▶ What to produce:
All of the listing should be output exactly, apart from the pictures.

▶ Data for processing:
--- START ---

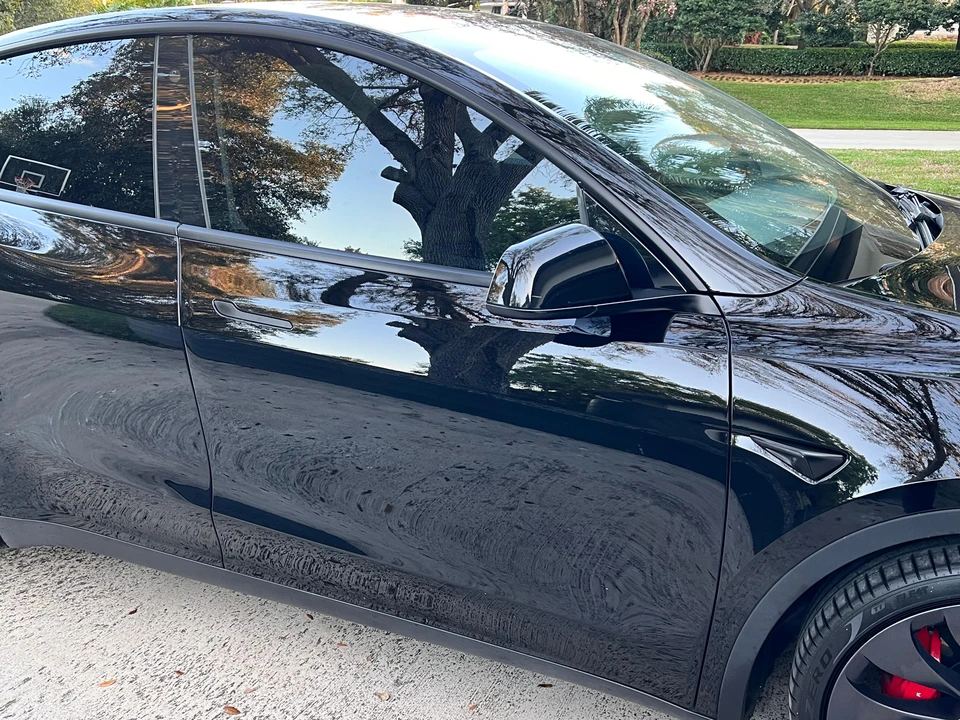 2021 Tesla Model Y Performance - Image 29 of 31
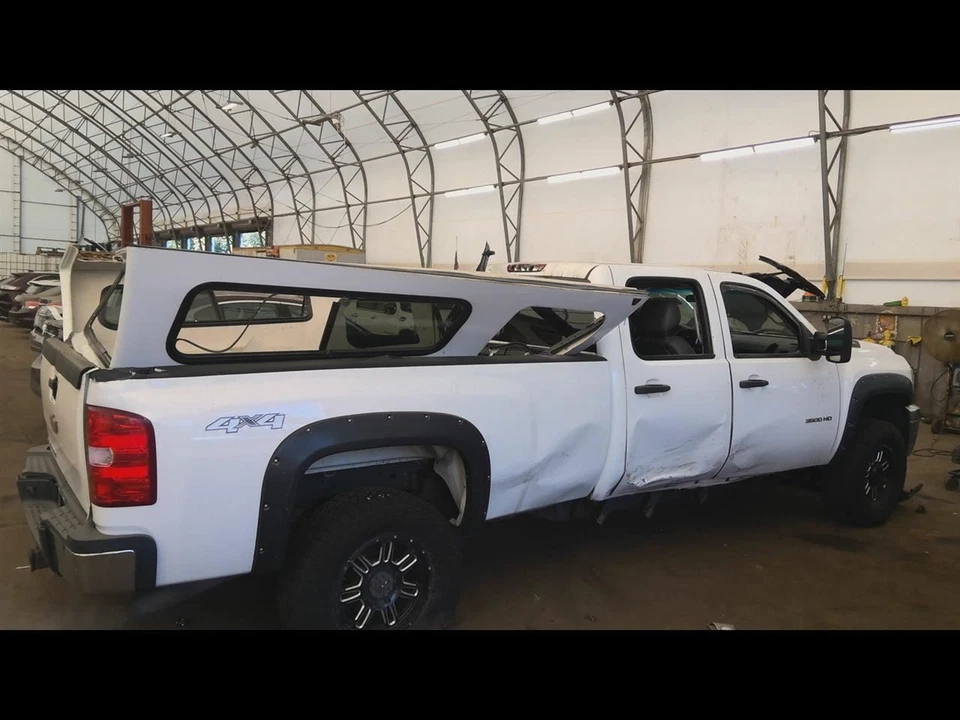 (LOCAL PICKUP ONLY) Hood Fits 11-14 SILVERADO 2500 PICKUP 6797627 Foto 3 de 4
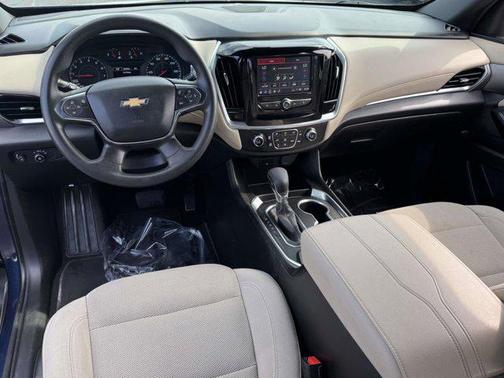 2022 Chevrolet Traverse LS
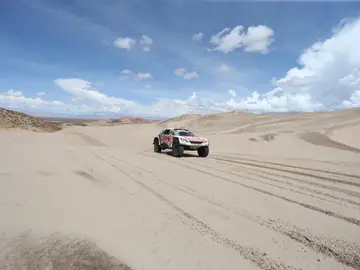 Cyril Despres en la cuarta etapa del Rally Dakar Cyril Despres en la cuarta etapa del Rally Dakar
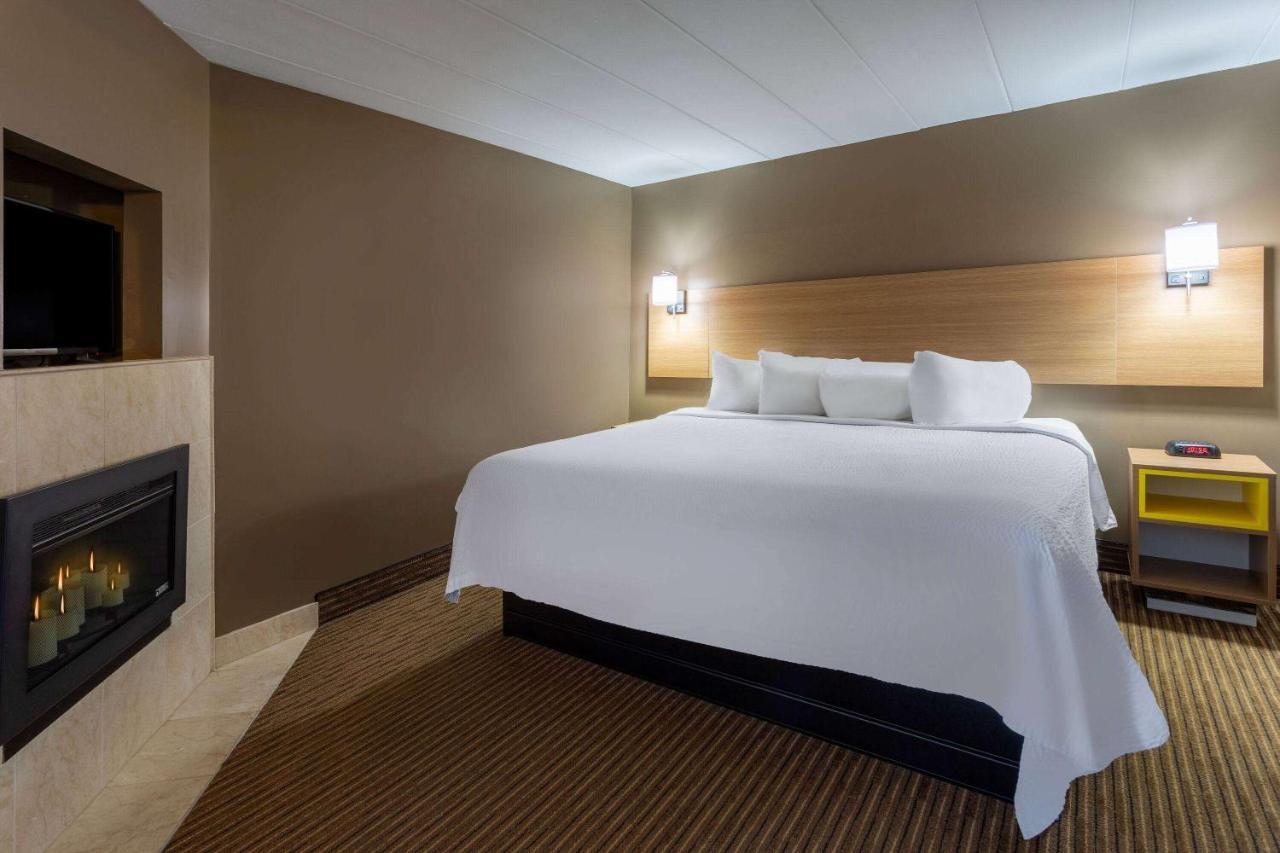 Days Inn By Wyndham Birch Run Ngoại thất bức ảnh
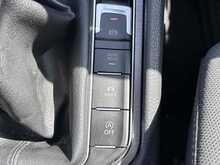 Volkswagen Golf SV TDI BlueMotion Tech SE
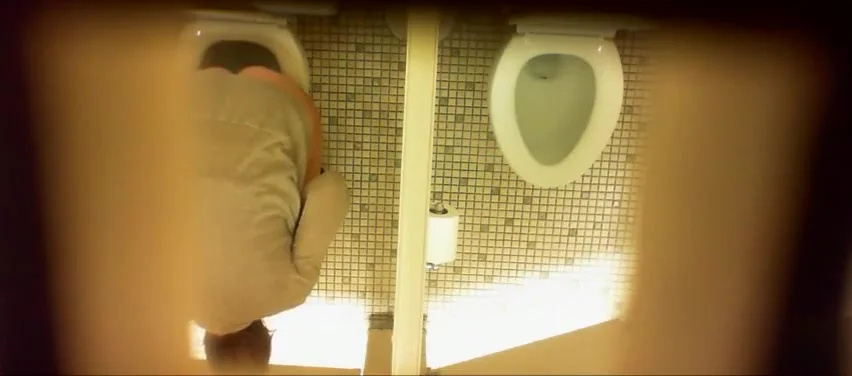 Desperate milf takes a long piss in the ladies room
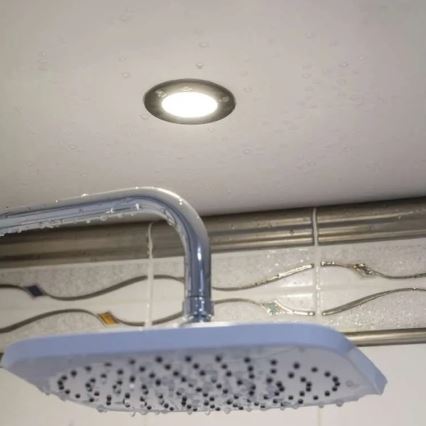 Lámpara empotrable de baño LED LORI LED/4,5W/230V IP65 2700/4000K diá. 8,5 cm negro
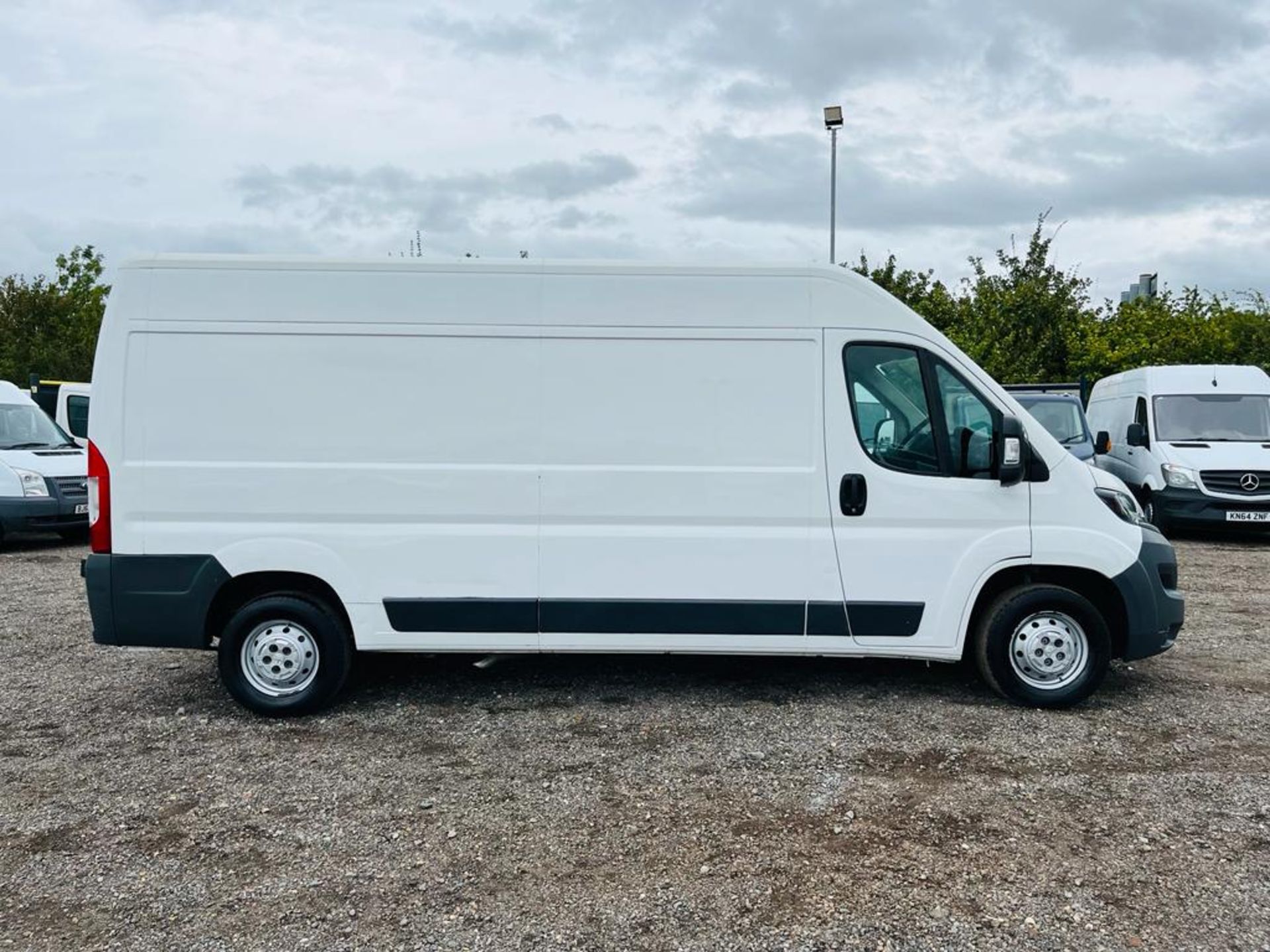 Peugeot Boxer Professional 2.0 BlueHDI L3 H2 2018 '18 Reg' - Sat Nav - ULEZ Compliant - 65037 Miles - Image 12 of 25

--- END ---

▶ Written response:
 2021 Tesla Model Y Performance - Image 29 of 31
 (LOCAL PICKUP ONLY) Hood Fits 11-14 SILVERADO 2500 PICKUP 6797627 Foto 3 de 4
 2022 Chevrolet Traverse LS
 Cyril Despres en la cuarta etapa del Rally Dakar Cyril Despres en la cuarta etapa del Rally Dakar
 Days Inn By Wyndham Birch Run Ngoại thất bức ảnh
 Volkswagen Golf SV TDI BlueMotion Tech SE
 Desperate milf takes a long piss in the ladies room
 Lámpara empotrable de baño LED LORI LED/4,5W/230V IP65 2700/4000K diá. 8,5 cm negro
 Peugeot Boxer Professional 2.0 BlueHDI L3 H2 2018 '18 Reg' - Sat Nav - ULEZ Compliant - 65037 Miles - Image 12 of 25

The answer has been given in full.